Strisower (Stryzower), Leo (1857–1931), Rechtswissenschaftler

Strisower (Stryzower) Leo, Rechtswissenschaftler. Geb. Brody, Galizien (Ukraine), 2. 10. 1857; gest. Klamm (NÖ), 6. 1. 1931; mos. Sohn eines Kaufmanns. – Nach Absolv. des Akadem. Gymn. stud. S. ab 1874 Jus an der Univ. Wien; 1879 Dr. jur. Er habil. sich 1881 für Völkerrecht und hielt v. a. Vorlesungen über internationales Privatrecht (einschließl. internationales Straf- und Prozeßrecht) an der Univ. Wien.
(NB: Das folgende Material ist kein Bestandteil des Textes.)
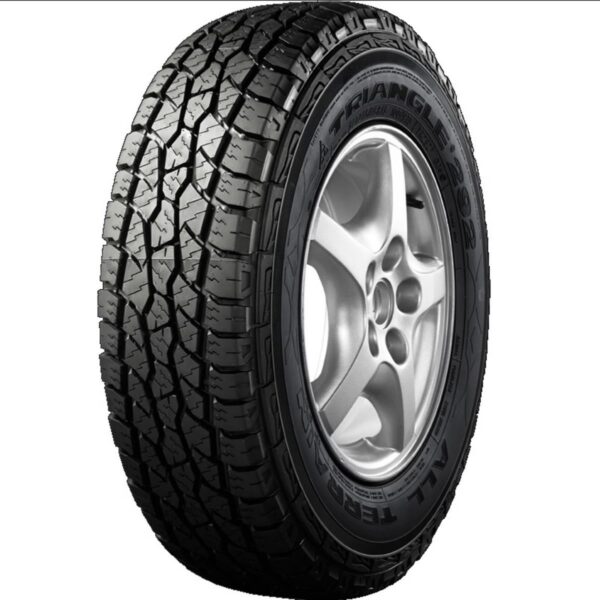 265/50R20 111T Triangle AgileX A/T TR292 M+S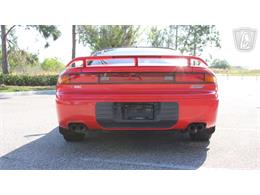 1991 Mitsubishi 3000GT (CC-2068751) for sale in Ruskin, Florida
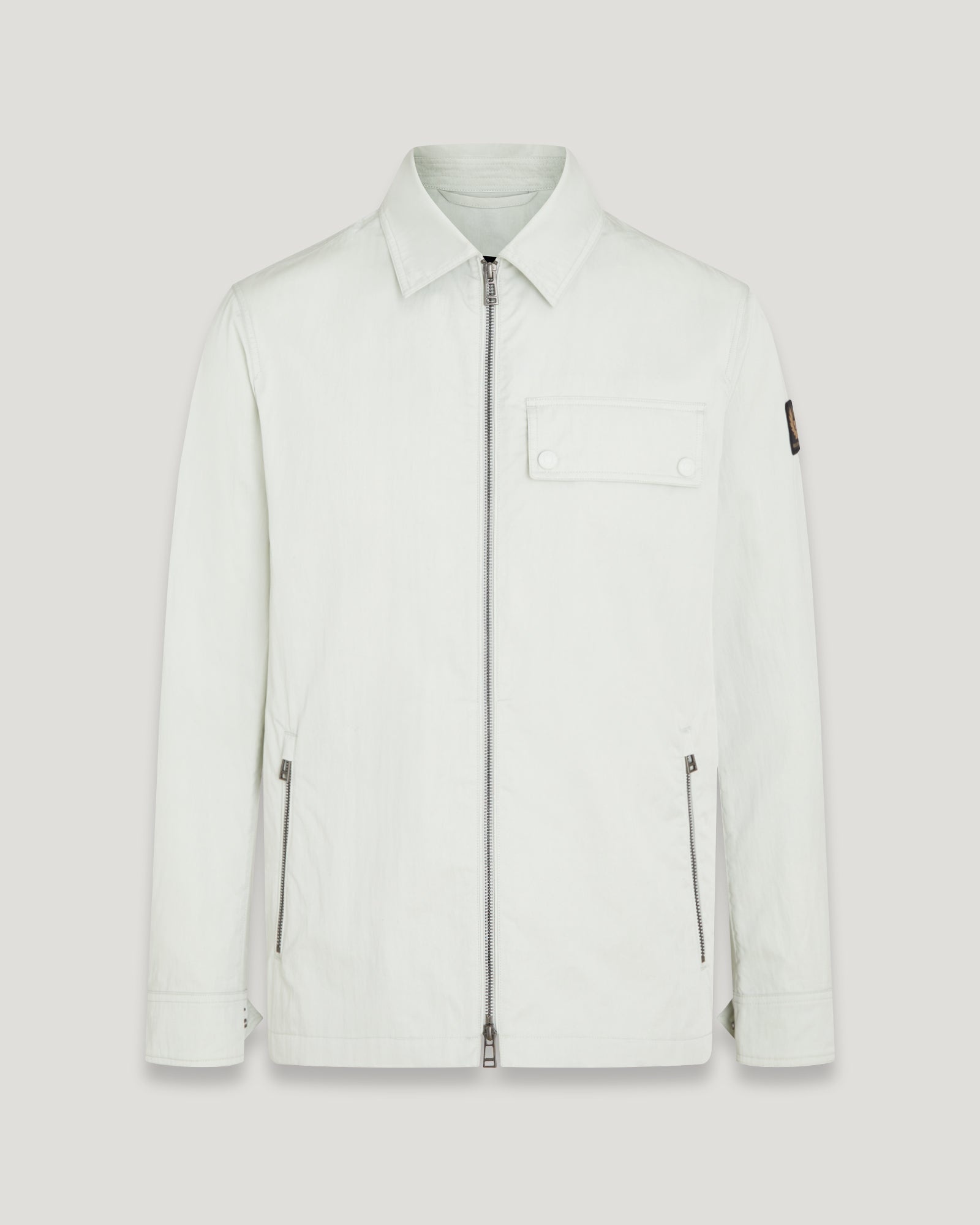 DEPOT OVERSHIRT - 1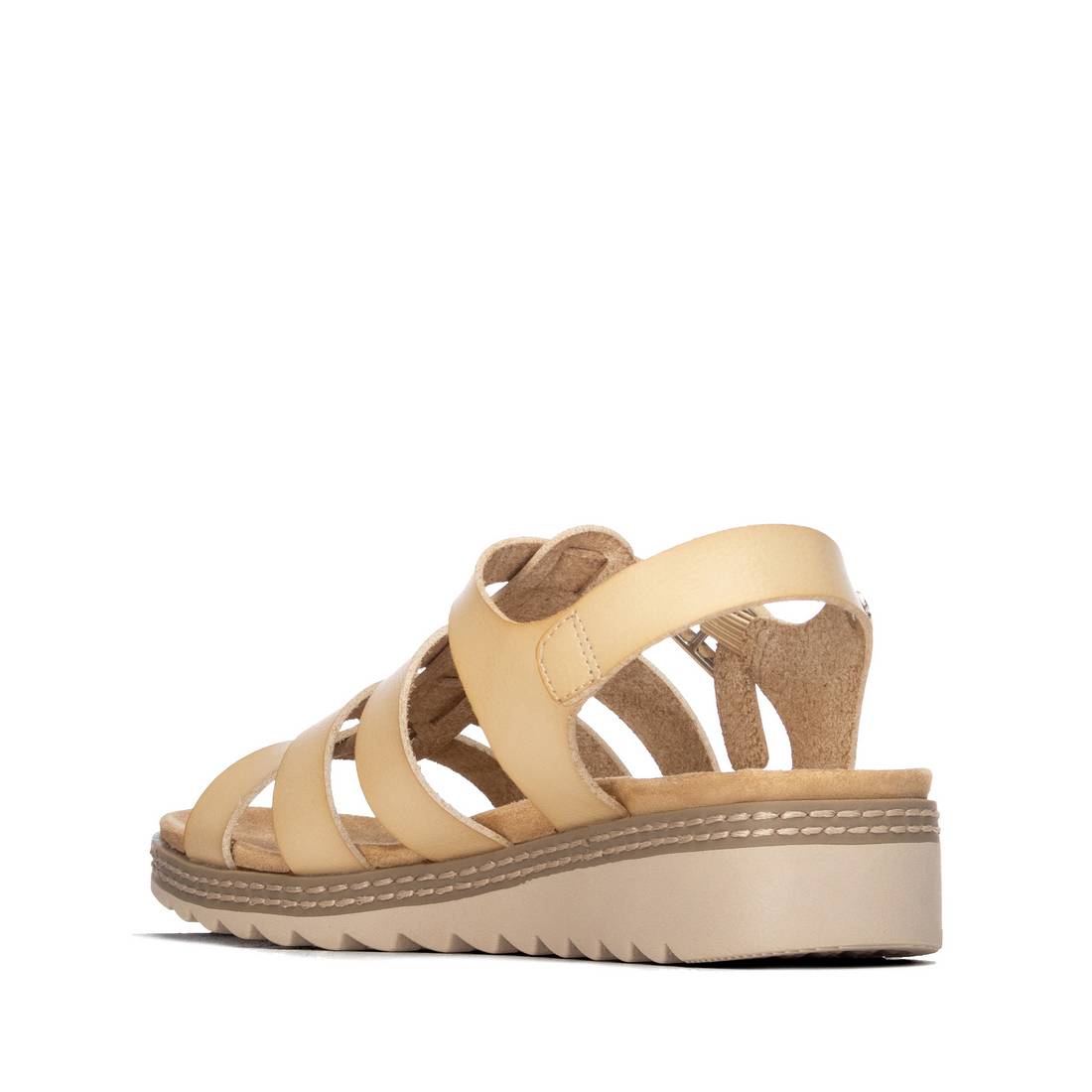 Sandalia de mujer plano Refresh 17516401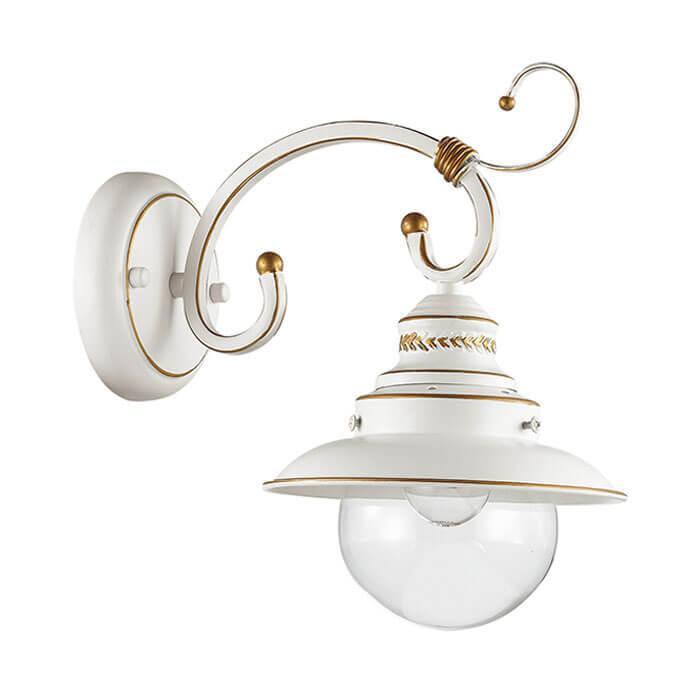 Картинка Бра Odeon Light Sandrina Country 3248/1W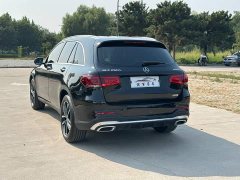 Mercedes-Benz GLC Facelift GLC 260 L 4MATIC Luxury - ფოტო 4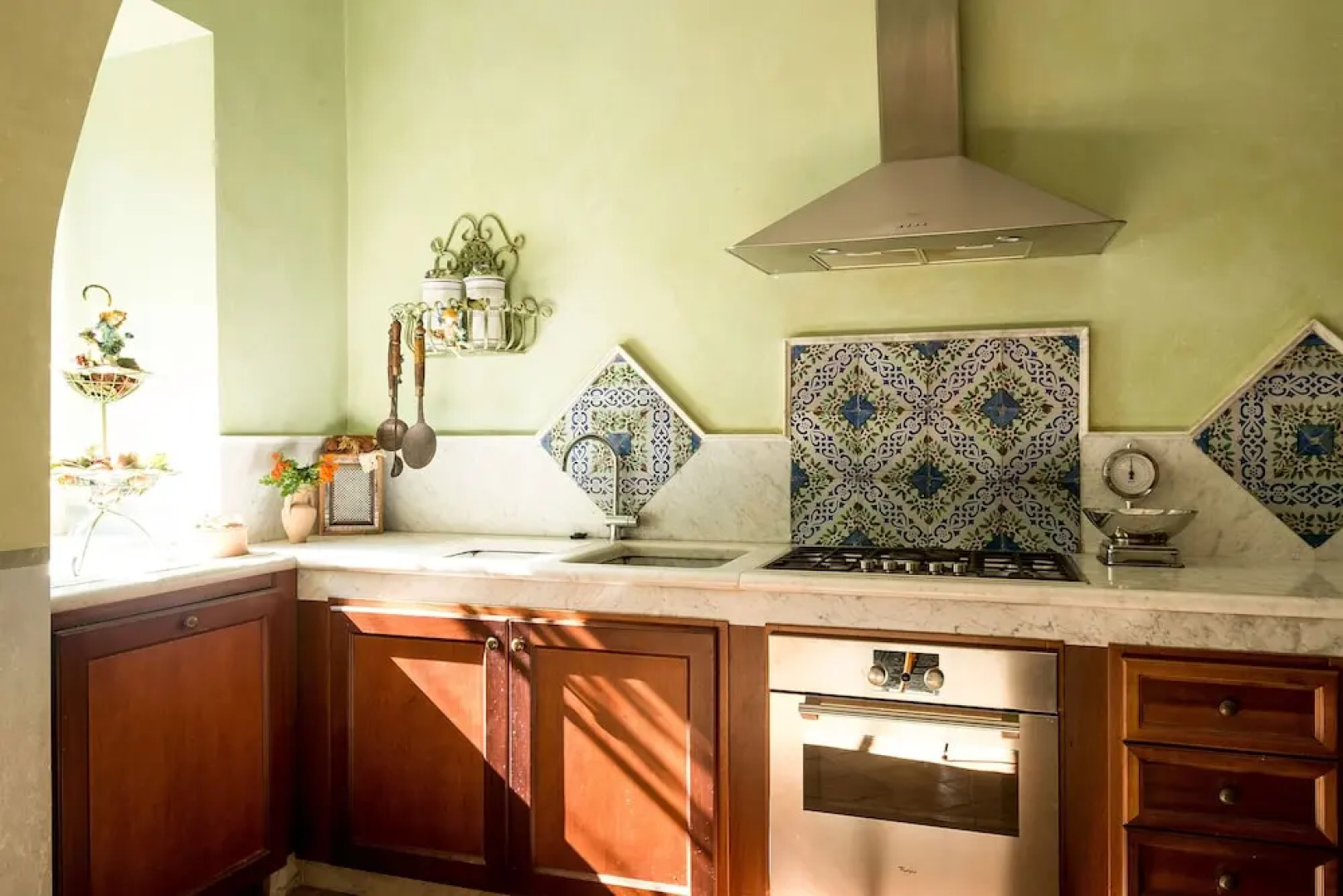 Suitelowcost Villa Bagheria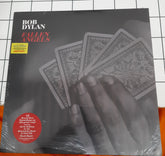 Bob Dylan - Fallen Angels (Vinyl)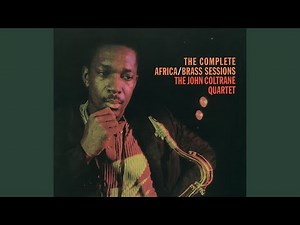 Greensleeves (Alternate Take Version)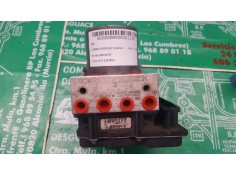 Recambio de abs para citroen c4 berlina collection referencia OEM IAM 0265234395 9649988180 9658299180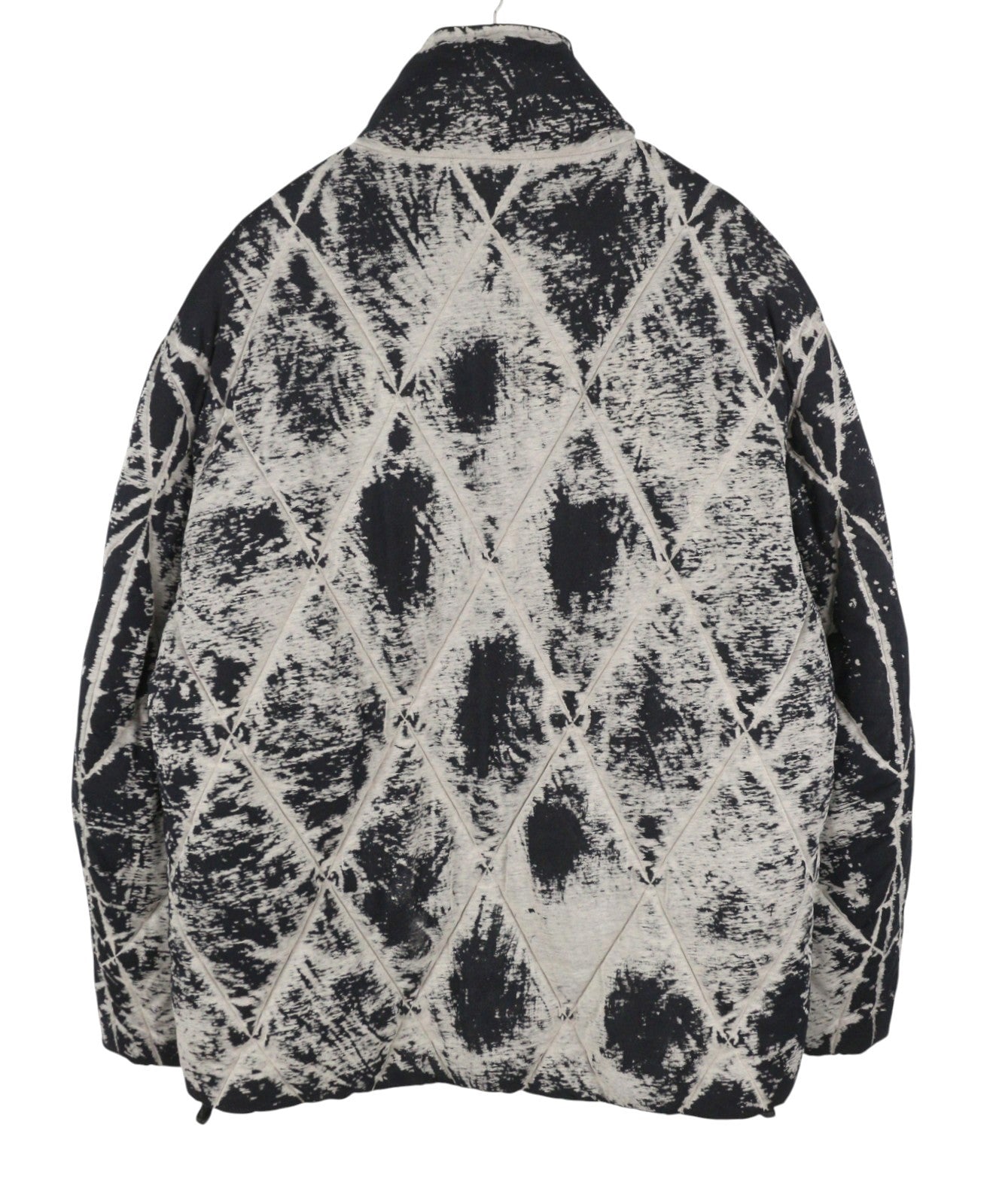 Jacket W-marcel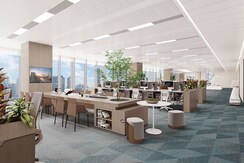 Office Space For Rent in Escala Kharadi
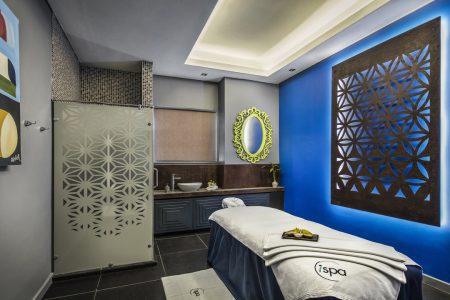 I Spa | Hennessy Park Hotel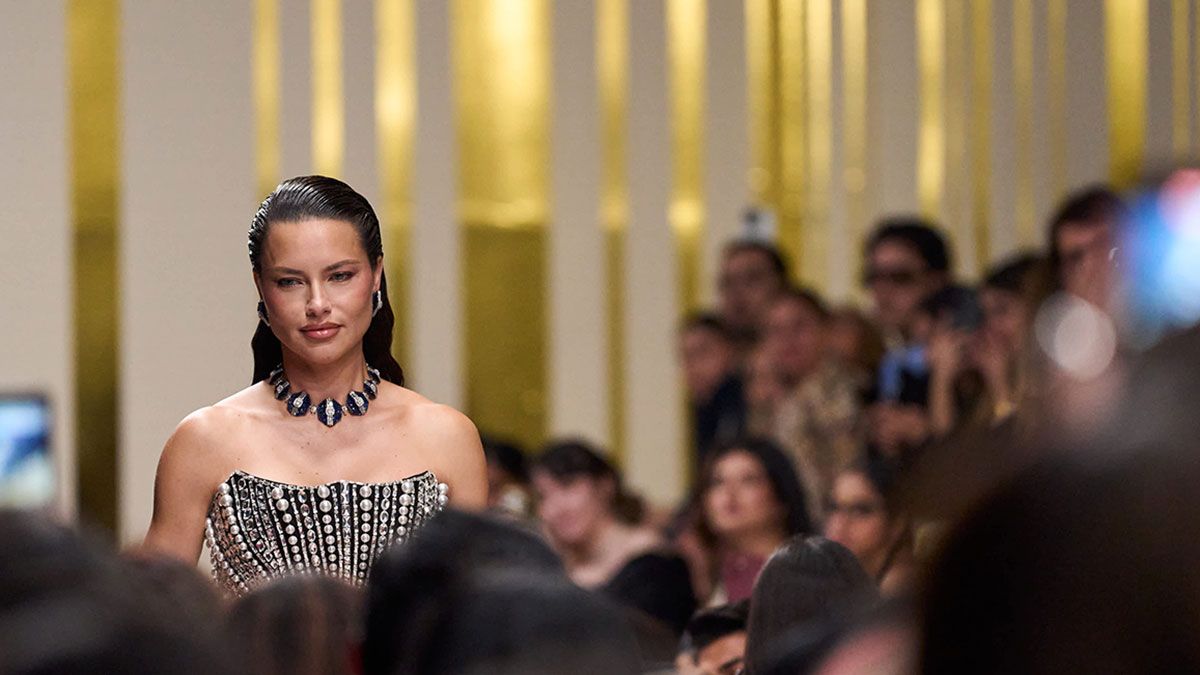 3 ways Dubai Fashion Week is putting itself on the map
Ab 1886 übte S. neben seiner Lehrtätigkeit die Advokatur aus, bis er 1901 auf Vorschlag von Lammasch (s. d.) zum ao. Prof. für internationales Privatrecht ernannt wurde (ab 1909 tit. o. Prof.). 1891 wurde S. Associé, 1908 Membre, 1924 Président de l’Inst. de droit international und war 1922 Mitgl. jenes Dreierkomitees, das gemäß dem Staatsvertrag von St. Germain über die Rückstellung von Kunstgegenständen zu entscheiden hatte. 1923 wurde er Kuratoriumsmitgl. der Acad. de droit international de la Haye. Obgleich S.s Vorlesungen über Geschichte der Rechtsphil. Hans Kelsen 1905 zu seiner ersten wiss. Arbeit anregten, kann S. dem Kreis um Kelsen nicht zugerechnet werden, da seine Völkerrechtslehre naturrechtl. geprägt war. So rechtfertigte er in seinem Hauptwerk, „Der Krieg und die Völkerrechtsordnung“ (1919), die Lehre vom „bellum iustum“; das Recht wurde von ihm als „die zu objektiver Geltung gelangte sittliche Ordnung der Welt“ bezeichnet. Als Dekan der rechtswiss. Fak. betrieb Kelsen jedoch S.s Ernennung zum o. Prof. des Völkerrechts, Internationalen Privatrechts und der Geschichte der Rechtsphil., was wegen der offenbar antisemit. Widerstände an der Fak. letztl. nur um den Preis einer parallelen Ernennung von Alexander Hold-Ferneck 1922 verwirklicht werden konnte. 1928 trat S. i. d. R.

Weitere W.: s. u. Métall.
L.: R. A. Métall, in: Z. für öff. Recht 11, 1931, S. 1ff. (m. W.); A. Verdroß, in: Forschungen und Fortschritte 7, 1931, S. 77; ders., in: Jurist. Bll. 60, 1931, S. 60f.; P. Steines, Hunderttausend Steine, 1993, S. 197f. (m. B.); H. Kelsen Werke 1, ed. M. Jestaedt, 2007, s. Reg.; AVA, UA, beide Wien.
(Th. Olechowski)   
PUBLIKATION: ÖBL 1815-1950, Bd. 13 (Lfg. 62, 2010), S. 405f.